[Xorg] ARGB visuals from Composite extension

Keith Packard keithp at keithp.com
Thu Aug 12 00:19:43 PDT 2004


The Composite extension creates an ARGB visual for applications to use in
constructing translucent windows.  In the current implementation, that 
visual is a part of the normal connection setup information, making it 
possible for applications to discover the visual through the normal Xlib 
methods.

However, this new visual is known to confuse the Flash plugin for Mozilla
(it assumes the Mozilla window uses this visual and crashes as a result).
So, to avoid this problem, I proposed that the Composite specific visuals
be hidden from the normal connection setup information and only made
available through an extension request.

So far, so good.  Applications using core requests won't see the new 
visuals, and applications using Composite will.

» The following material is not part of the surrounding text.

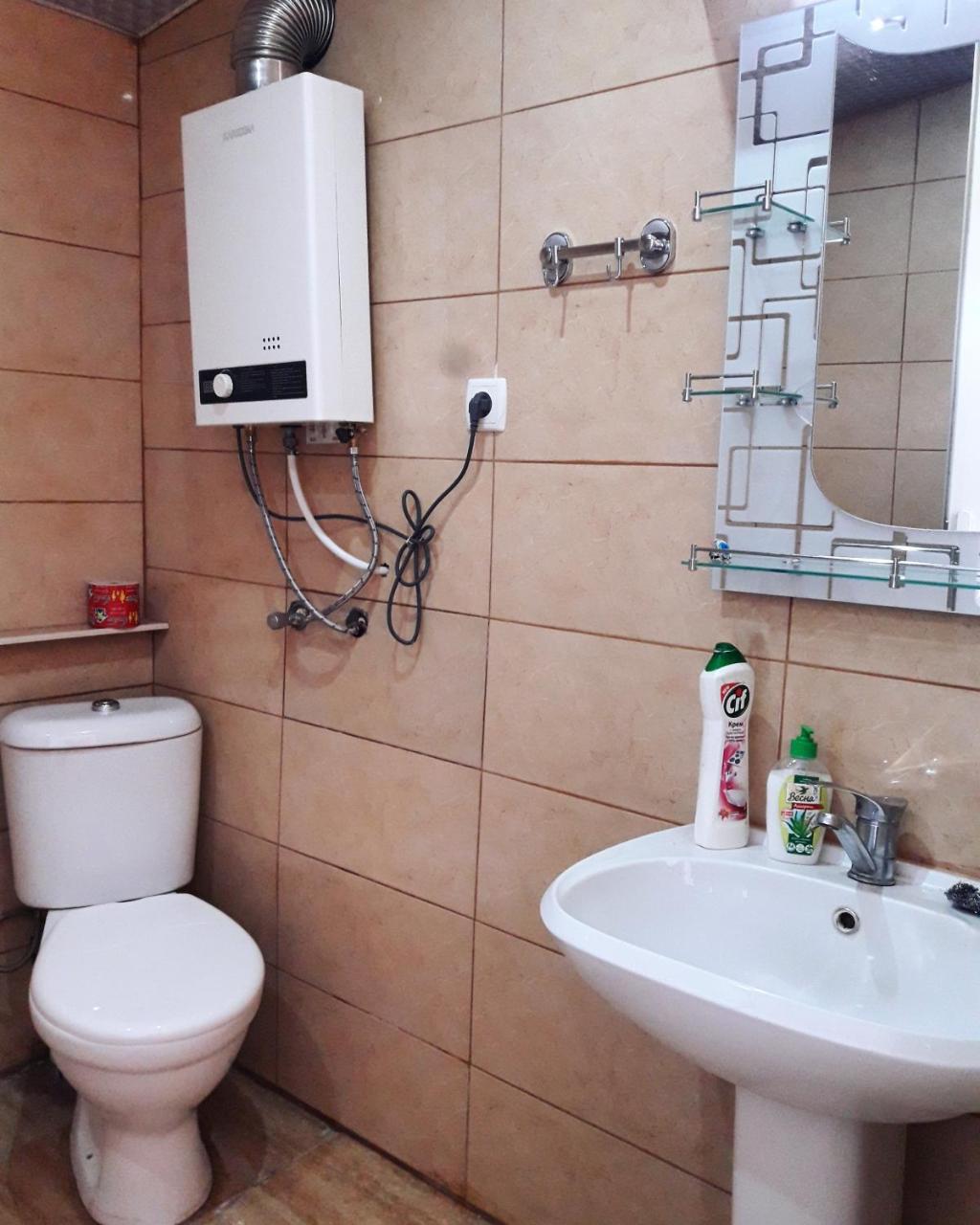 Guesthouse Ttt Тбилиси Екстериор снимка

Now comes the tricky part.

Once an application has used the Composite extension to discover this shiny 
new visual, it has to pass that visual structure around to create windows, 
pictures and the like.  Xlib is mostly happy to be handed some random 
visual structure and so it mostly works.  However, Xlib does believe that 
it knows all of the available visuals, so extension functions like 
_XVIDtoVisual will *not* find a visual structure from the new visual ID.

This turns out to be really bad -- the Render extension needs to locate
PictFormats associated with visuals, and it does so by locating the visual 
based on the ID passed back by the X server.  This means that applications 
cannot locate PictFormats for these new visuals, which makes it pretty 
hard to create Pictures for ARGB windows.

I don't know what other parts of the system assume that every visual is 
stored in the Xlib visual structures.

My current kludge in the xlibs project is to report the visuals in the core
setup and then use a magic environment variable to hide these depth-32
visuals from mozilla.

I could hack Xcomposite to *modify* the list of Visuals held by Xlib so
that all of the existing Xlib functions work correctly. This will only fix
the Render problem if this Xcomposite function is called before the Render
extension is initialized.  I could further hack Xcomposite to go mash the 
Xrender structures as well.  Yuck.

Right now, I'm leaning towards just leaving things as they are and 
expecting that the Flash plugin will get fixed at some point, or that 
we'll kludge Mozilla to handle the problem automatically.